* Activity *
If a line in the following entries holds the string "Silver", include it in the tally. State the total and nothing further.

* Dataset extract *
'''

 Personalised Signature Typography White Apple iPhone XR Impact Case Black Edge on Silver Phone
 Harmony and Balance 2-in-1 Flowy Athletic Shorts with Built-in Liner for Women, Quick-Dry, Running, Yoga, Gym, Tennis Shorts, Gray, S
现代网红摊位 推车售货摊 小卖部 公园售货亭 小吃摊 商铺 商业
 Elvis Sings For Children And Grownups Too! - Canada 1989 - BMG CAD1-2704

'''
'''

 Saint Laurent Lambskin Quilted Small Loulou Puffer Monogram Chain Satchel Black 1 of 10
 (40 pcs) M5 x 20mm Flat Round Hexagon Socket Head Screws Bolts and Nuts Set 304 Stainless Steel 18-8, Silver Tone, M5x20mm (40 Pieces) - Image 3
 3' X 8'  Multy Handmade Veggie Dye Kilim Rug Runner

'''
'''

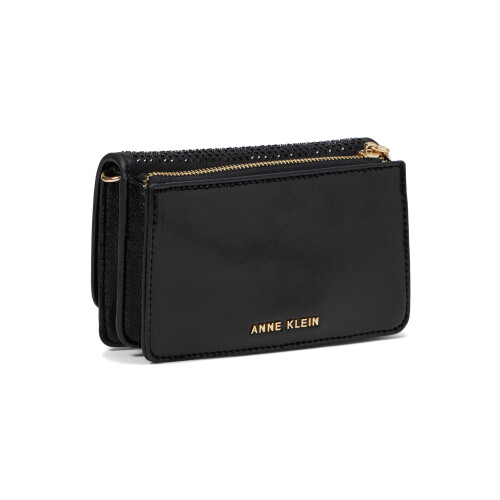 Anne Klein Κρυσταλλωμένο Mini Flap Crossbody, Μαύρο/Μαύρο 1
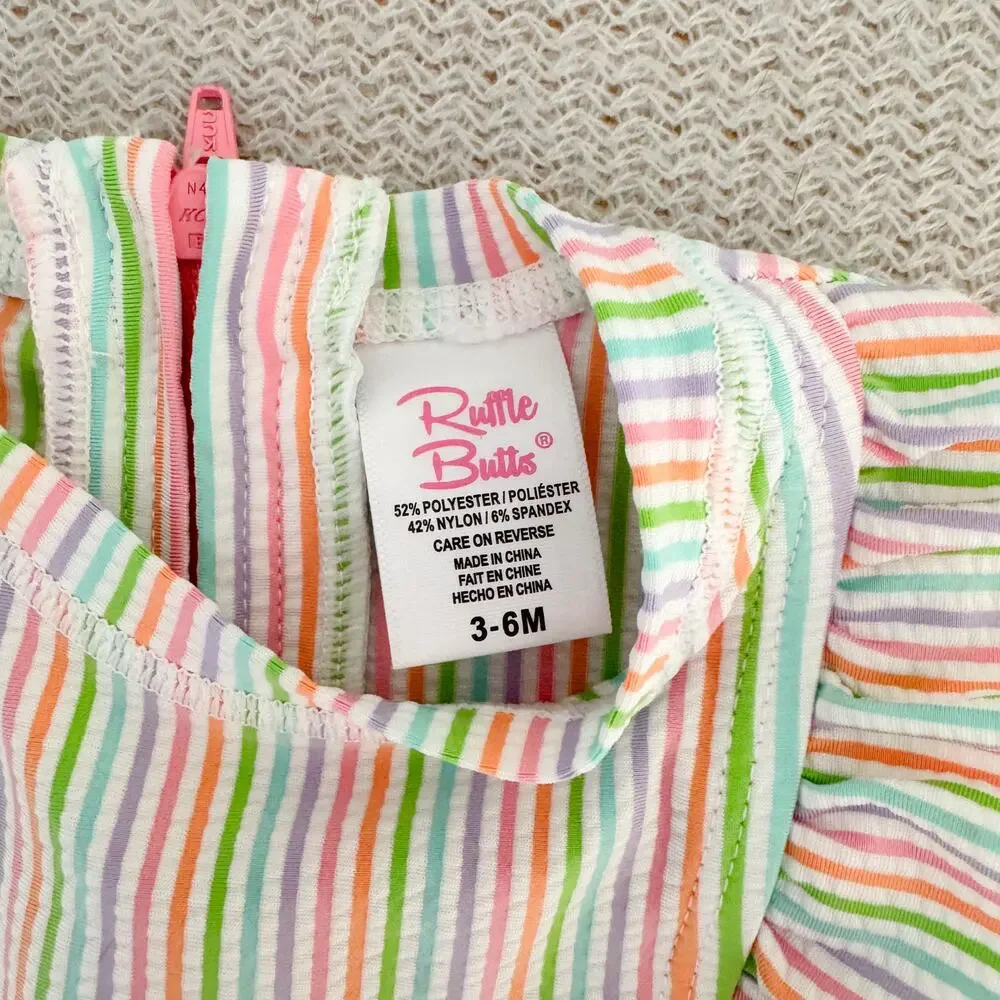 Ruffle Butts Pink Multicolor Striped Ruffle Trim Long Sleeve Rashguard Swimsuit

'''

* Completed exercise *
2